Docker is an open platform for developers to build and ship applications, whether on laptops, servers in a data center, or the cloud.
- Or, it is a (relatively) painless way for you to install and try out Bioinformatics software.
- You can think of it as an isolated environment inside your exising operating system where you can install and run software without messing with the main OS
+ Really useful for testing software
+ Clear benefits for working reproducibly
- Instead of just distributing the code used for a paper, you can effectively share the computer you did the analysis on
- For those of you that have used Virtual Machines, it is a similar concept
## Installing Docker
### Mac
- [Mac OSX - 10.10.3 or newer](https://www.docker.com/docker-mac)
- [Older Macs](https://download.docker.com/mac/stable/DockerToolbox.pkg)
### Windows
- [Windows 10 Professional](https://www.docker.com/docker-windows)
- [Other Windows](https://download.docker.com/win/stable/DockerToolbox.exe)
Once you have installed Docker using the instructions above, you can open a terminal (Mac) or command prompt (Windows) and type the following to run the environment
```
docker run --rm -d -p 5901:5901 -p 6901:6901 --privileged sheffieldbioinformatics/unix-training
```
Entering the address in your web browser should display the environment
```
http://localhost:6901/?password=vncpassword
```
### Using the environment to analyse your own data
With the default settings, the computing environment is isolated from your own laptop; we can neither bring files that we create back to our own OS, or analyse our own data.
However, adding an `-v` argument allows certain folders on your own OS to be visible within the environment.

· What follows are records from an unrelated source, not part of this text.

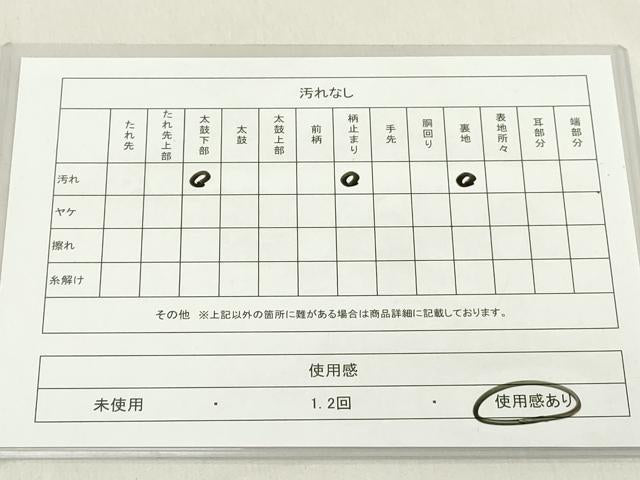 平和屋着物◎六通柄袋帯 草花文 金銀糸 正絹 逸品 DAAX5447cd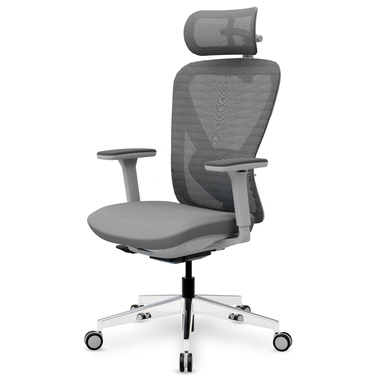 Крісло Mealux Q1 Air Fabric Grey (арт. HF Q-1 F/G)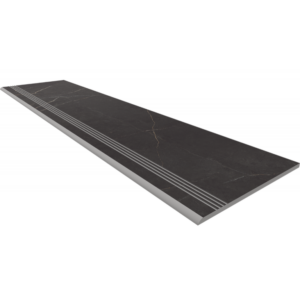 Ступени Ступень NL04 Nolana Black неполированный с насечками 30x120 Steptrade/NL04_NS/30x120x10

Assuming the files I want to analyse are to be found in the folder `PATH_TO_FASTQ`, the following command would map that directory to the folder `/data`
```
docker run --rm -d -p 5901:5901 -p 6901:6901 --privileged -v /PATH_TO_FASTQ/:/data sheffieldbioinformatics/unix-training
```
At the terminal, we should be able to see our files with the `ls` command
```
ls /data
```
However, please bear in mind that when running an analysis using this method you will be using the resources (CPU, RAM etc) *on your own machine*. In other words, it is not replacement for using a remote cluster with large amounts of memory (see next section).